In what could spawn another round of protracted litigation over nursery admissions in the Capital, the AAP government’s decision to put an upper-age limit in entry-level education has been challenged in the Delhi high court.
Justice Rajiv Shakdher on Wednesday issued notices to the city government, directorate of education (DoE) and the lieutenant governor on the petition challenging the December 18 notification.
The DoE’s circular fixed the upper age limit for admission in entry-level classes at four years for pre-school, five years for pre-primary and six years for Class I as on March 31 of the year in which admission is being sought.
The process of distributing forms for nursery admissions began on January 1 and will end on January 22. The first list of selected candidates will be displayed on February 15 while the second list, if any, will come out on February 29. The admission process will close on March 31.

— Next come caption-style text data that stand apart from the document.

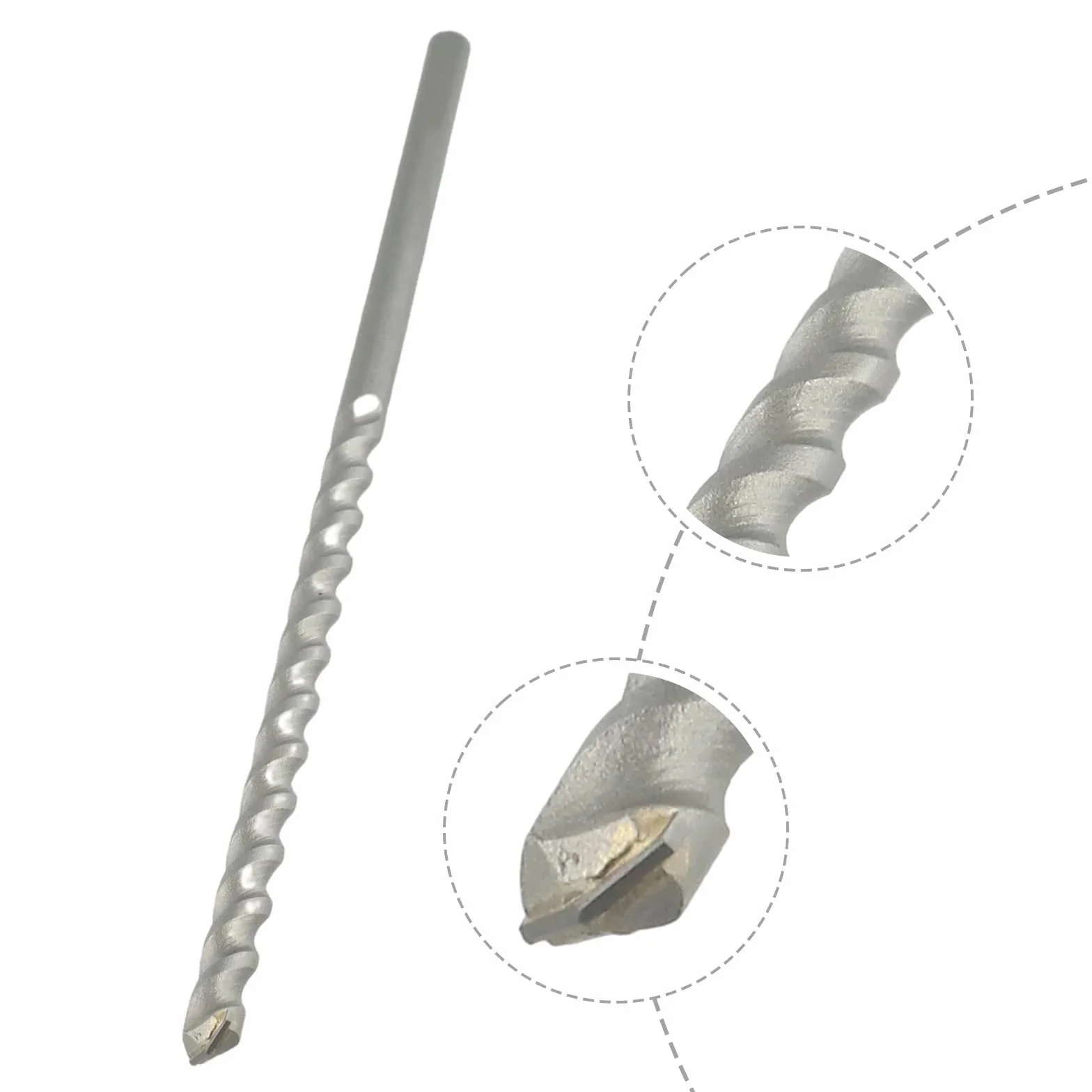 Wiertło do betonu o długości 300 mm — wiertło do muru o średnicy 6–16 mm z chwytem trójkątnym i końcówką z węglika(16x350mm)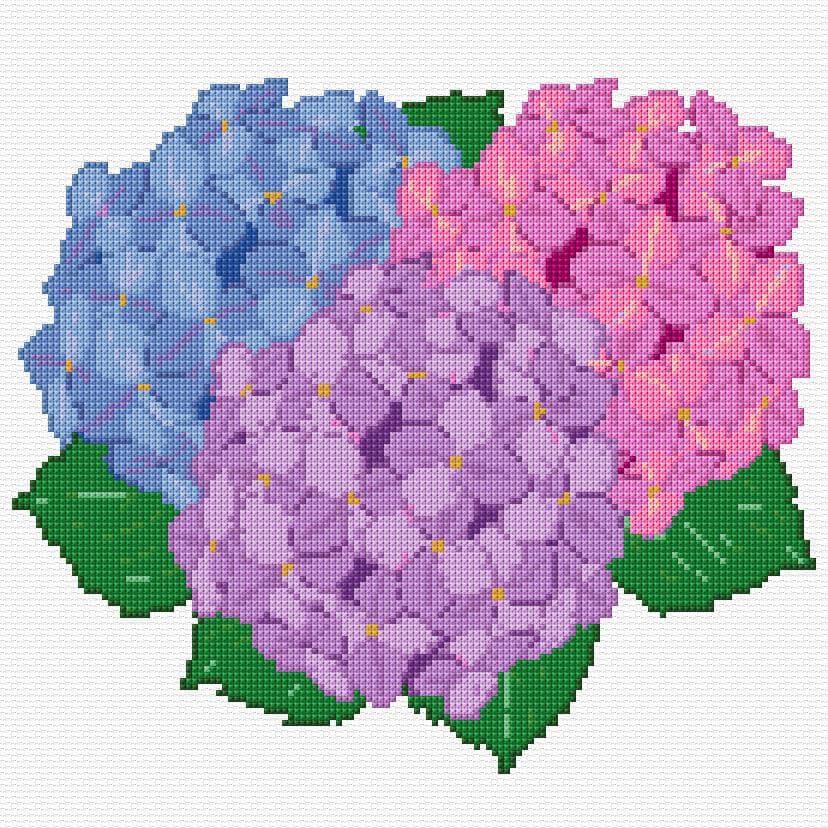 Hydrangea free cross-stitch pattern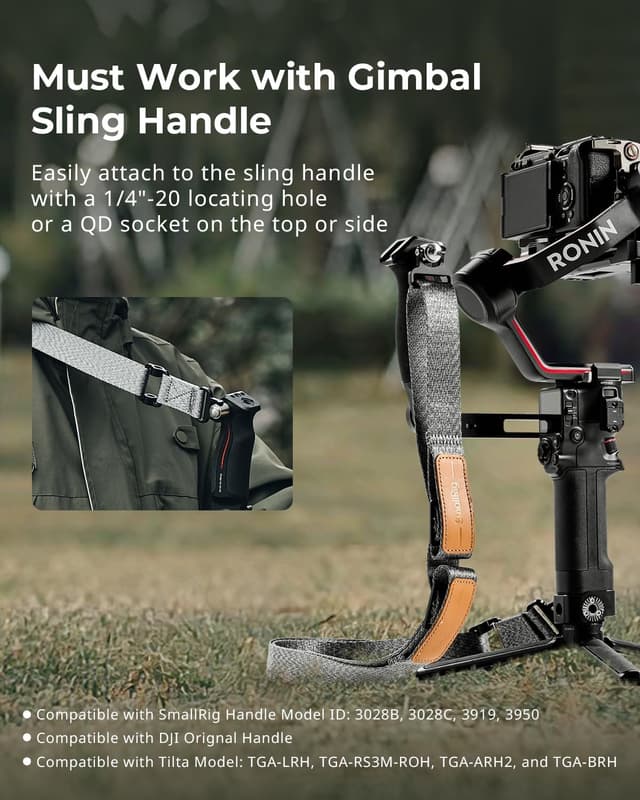 Detalle de SMALLRIG Griff Sling Handle Kit 4383B für DJI RS4/RS4 Pro/RS3/RS3 Pro/RS2 (QD-Schnellverschluss, Kaltschuh, 3/8”-16 & 1/4-20)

Justice Shakdher directed the authorities to respond within 10 days and posted the matter for further hearing on February 1.
Appearing for two-year-ten-month-old Uday Pratap Singh Kapoor, advocate Akhil Sachar sought to quash the DoE’s notification , saying his client would not be able to take admission in pre-school in 2017 as he will be four years and one month old then.
Sachar told HT that children born in the month of March and barely over three years old on the cut-off date of March 31 would be forced to take admission in pre-school, as they would not be able to take admission the next academic year.
He further said kids who turn three prior to March 31 in a calendar year would fail to secure admission in pre-nursery on first attempt and would be precluded from taking admission in the next academic year as he would have crossed the upper age limit of less than four years.
The notification seeks to do disservice to children as well as their parents by taking away their right to an education by introducing an age limit for admission to a school, the petition said.
“Grant of only one year to seek admission to a school is violative of a child’s rights under the Constitution. There can be no ‘age’ for education. Capping the upper age for entering school is highly discriminatory and seeks to prejudice the rights of children and society,” it added.